L’approche système est née du rejet du lien direct entre pratique et production. Car le fonctionnement de l’agroécosystème est source d’interactions entre les pratiques. Une pratique influe sur plusieurs fonctions et plusieurs critères de performance. Une fonction, un critère de performance est influencé par plusieurs pratiques. “Les pratiques font système, reprend Jean-Marc Meynard. Elles sont au cœur d’un réseau de déterminants. L’approche système consiste, pour évaluer, modifier ou reconcevoir les pratiques, à expliciter les relations entre ces pratiques et les différents déterminants : l’agroécosystème, les performances obtenues, les décisions de l’agriculteur, les ressources de l’exploitation et du territoire, les critères de performance de l’agriculteur.”

L’approche système favorise la coordination entre échelles. “Il faut de la souplesse dans le temps et dans l’espace, souligne le chercheur. Un problème rencontré à une échelle donnée peut être résolu à une autre échelle. Et si le raisonnement pluriannuel est essentiel, il n’exclut pas la résolution annuelle de certains problèmes.”

Des évolutions de raisonnement nécessaires

Le développement des approches système implique de nombreuses évolutions. Les agriculteurs doivent faire évoluer leur manière de raisonner : ne plus compter sur le produit miracle qui résout tout, mais combiner des techniques à effet partiel, avec une approche systémique ; anticiper plutôt que réagir. Le conseil doit lui aussi se transformer et passer du conseil descendant basé sur l’usage des intrants à l’accompagnement de l’évolution ou de la reconstruction d’un système technique. Enfin, les dispositifs de production de connaissances et l’organisation de la recherche et développement doivent également être révisés. “Nous devons accorder une place croissante aux savoirs des producteurs et construire des références non plus sur les techniques individuelles, mais sur les systèmes techniques”, précise Jean-Marc Meynard.

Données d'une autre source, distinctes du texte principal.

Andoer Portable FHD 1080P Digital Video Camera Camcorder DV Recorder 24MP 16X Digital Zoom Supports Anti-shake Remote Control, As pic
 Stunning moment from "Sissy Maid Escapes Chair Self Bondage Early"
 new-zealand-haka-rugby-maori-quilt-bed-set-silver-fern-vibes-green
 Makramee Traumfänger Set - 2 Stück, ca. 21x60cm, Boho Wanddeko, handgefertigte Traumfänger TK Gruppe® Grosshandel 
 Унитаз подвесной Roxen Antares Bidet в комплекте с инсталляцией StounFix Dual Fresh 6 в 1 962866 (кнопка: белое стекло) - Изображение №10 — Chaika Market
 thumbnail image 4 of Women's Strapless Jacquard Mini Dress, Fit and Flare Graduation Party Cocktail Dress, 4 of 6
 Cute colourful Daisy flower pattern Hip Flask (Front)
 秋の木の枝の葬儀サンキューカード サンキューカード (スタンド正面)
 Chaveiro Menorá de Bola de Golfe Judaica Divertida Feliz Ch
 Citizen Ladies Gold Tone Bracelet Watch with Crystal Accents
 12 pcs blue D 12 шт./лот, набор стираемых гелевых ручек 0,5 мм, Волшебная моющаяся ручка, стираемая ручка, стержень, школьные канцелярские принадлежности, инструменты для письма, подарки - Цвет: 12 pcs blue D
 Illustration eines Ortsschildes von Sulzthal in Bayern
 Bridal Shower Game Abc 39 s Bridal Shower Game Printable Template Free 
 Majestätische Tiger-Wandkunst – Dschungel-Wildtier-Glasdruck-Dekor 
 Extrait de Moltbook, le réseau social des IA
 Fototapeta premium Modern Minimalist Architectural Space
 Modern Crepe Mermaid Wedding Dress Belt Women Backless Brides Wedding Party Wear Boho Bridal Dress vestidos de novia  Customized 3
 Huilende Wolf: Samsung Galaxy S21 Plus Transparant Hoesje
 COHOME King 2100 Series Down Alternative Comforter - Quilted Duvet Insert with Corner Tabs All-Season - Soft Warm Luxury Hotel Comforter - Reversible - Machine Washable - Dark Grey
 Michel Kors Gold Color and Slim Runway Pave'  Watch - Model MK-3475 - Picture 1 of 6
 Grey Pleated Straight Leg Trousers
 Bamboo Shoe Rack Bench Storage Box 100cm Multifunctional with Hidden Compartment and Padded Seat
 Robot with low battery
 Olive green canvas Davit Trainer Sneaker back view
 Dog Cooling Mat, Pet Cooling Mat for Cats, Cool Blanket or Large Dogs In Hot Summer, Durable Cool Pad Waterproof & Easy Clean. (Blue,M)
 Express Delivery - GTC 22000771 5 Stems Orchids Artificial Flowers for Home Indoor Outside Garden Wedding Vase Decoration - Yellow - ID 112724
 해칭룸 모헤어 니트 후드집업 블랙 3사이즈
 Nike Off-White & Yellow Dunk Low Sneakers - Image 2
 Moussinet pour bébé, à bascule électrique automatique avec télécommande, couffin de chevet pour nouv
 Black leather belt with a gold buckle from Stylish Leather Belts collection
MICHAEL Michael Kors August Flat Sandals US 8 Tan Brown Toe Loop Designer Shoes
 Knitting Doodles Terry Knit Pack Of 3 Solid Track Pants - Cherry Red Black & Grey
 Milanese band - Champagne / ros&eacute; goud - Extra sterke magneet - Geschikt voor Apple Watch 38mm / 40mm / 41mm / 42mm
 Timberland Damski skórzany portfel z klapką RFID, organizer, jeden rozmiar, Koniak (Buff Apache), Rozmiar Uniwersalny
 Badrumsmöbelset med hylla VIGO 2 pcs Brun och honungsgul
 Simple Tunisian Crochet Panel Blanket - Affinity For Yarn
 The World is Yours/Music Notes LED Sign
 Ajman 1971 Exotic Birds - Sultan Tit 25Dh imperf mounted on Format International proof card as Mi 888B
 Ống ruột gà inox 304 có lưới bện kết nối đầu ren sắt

Le projet Syppre, qui accompagne les agriculteurs vers de nouveaux systèmes de production, montre que l’application du concept de l’approche système n’est pas aisé. Les enseignements des cinq premières années du programme révèlent de nombreux points positifs, notamment sur les indicateurs environnementaux, mais encore de nombreux points à améliorer, surtout côté rentabilité. Atteindre la multi-performance reste un défi.

Une politique inadaptée ?

Pour Jean-Marc Meynard, les politiques agricoles ont tendance à aller contre le déploiement de l’approche système. “Toutes les politiques menées avec une obligation de moyen, comme les MAE ou la conditionnalité des aides, sont contre productives, explique-t-il. Avec une obligation de résultats, les politiques seraient plus constructives, plus systémiques.”